Ecogastronomy also immerses students in international food cultures. The curriculum explores the history, cooking methods, and aesthetics of local and international cuisine, which helps students understand how culture shapes food.

Pop culture studies

In a pop culture studies major, students learn about various aspects of popular culture and study its impact on society. They analyze television shows, movies, music, and social media, interpreting their role in shaping societal norms.

Students learn to deconstruct advertising campaigns and understand the marketing strategies behind them. The curriculum also covers the history and evolution of popular culture, tracing it from the era of print media to the digital age.
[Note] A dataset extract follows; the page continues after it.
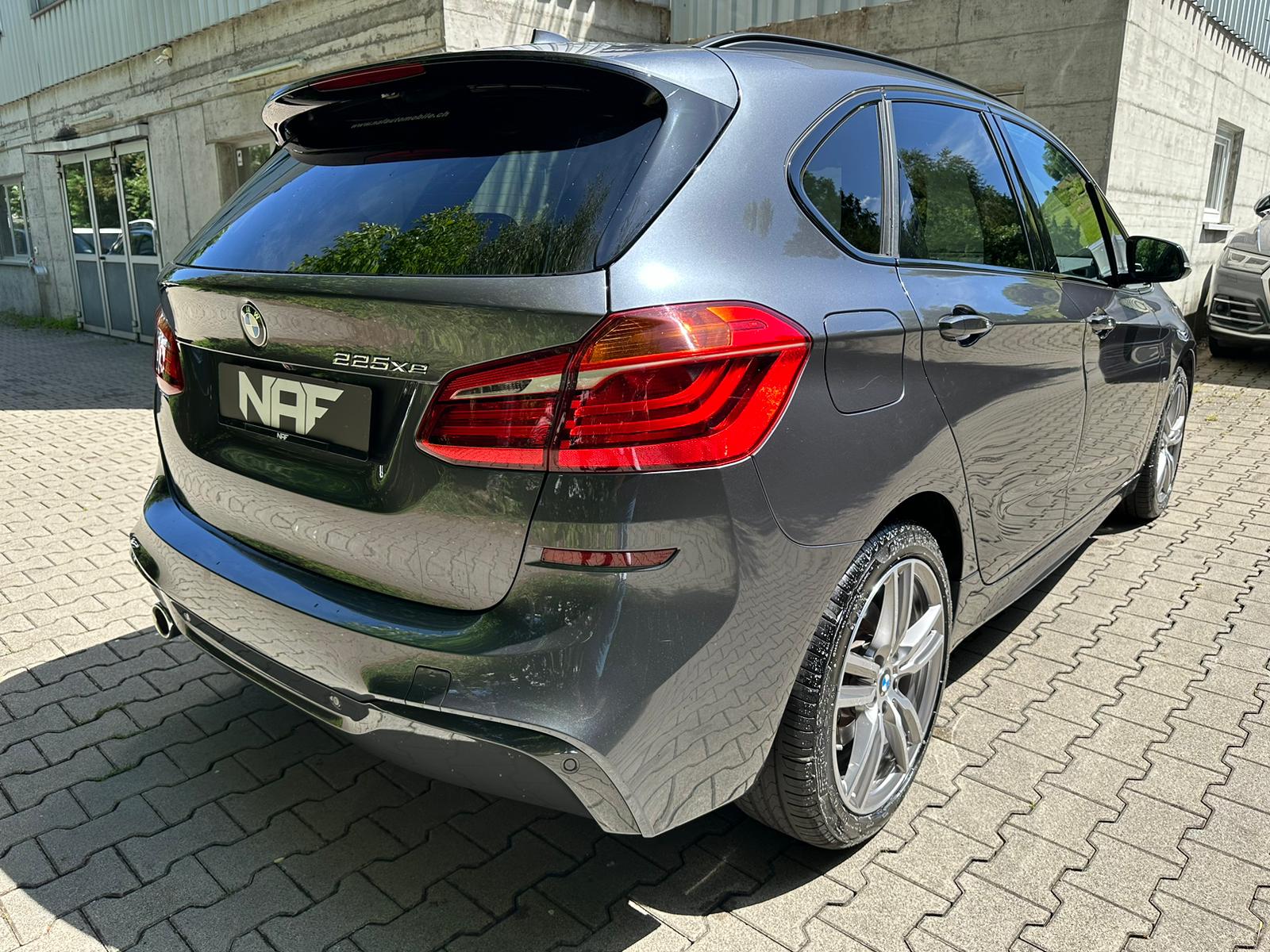 BMW 225xe iPerformance Active Tourer M Sport Steptronic-image-4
This major also hones students’ critical thinking and analytical skills, which can be applied in various professions. This academic training prepares them for marketing, public relations, and journalism careers where they can influence popular culture.

Nautical archeology

Nautical archaeology involves studying the history hidden beneath the oceans and other water bodies. This major exploresthe mysterious underwater world, where scholars decode remnants of shipwrecks, sunken cities, and other submerged heritage sites.

The program equips learners with archaeological methods, diving skills, and an understanding of maritime history. These unique learning experiences prepare students for a variety of career paths. Graduates can work with museums to curate exhibits showcasing maritime artifacts or engage in research at academic institutions. Alternatively, they can collaborate with governmental agencies, helping conserve and manage underwater cultural heritage.


The shift towards unconventional areas of study showcases the diverse spectrum of human interest and the agility of academic institutions in catering to these needs. Whether you’re intrigued by the intricacies of nonprofit management or drawn to the enigma of nautical archaeology, there’s a major that’ll fuel your passion. So make a pick and start learning new things.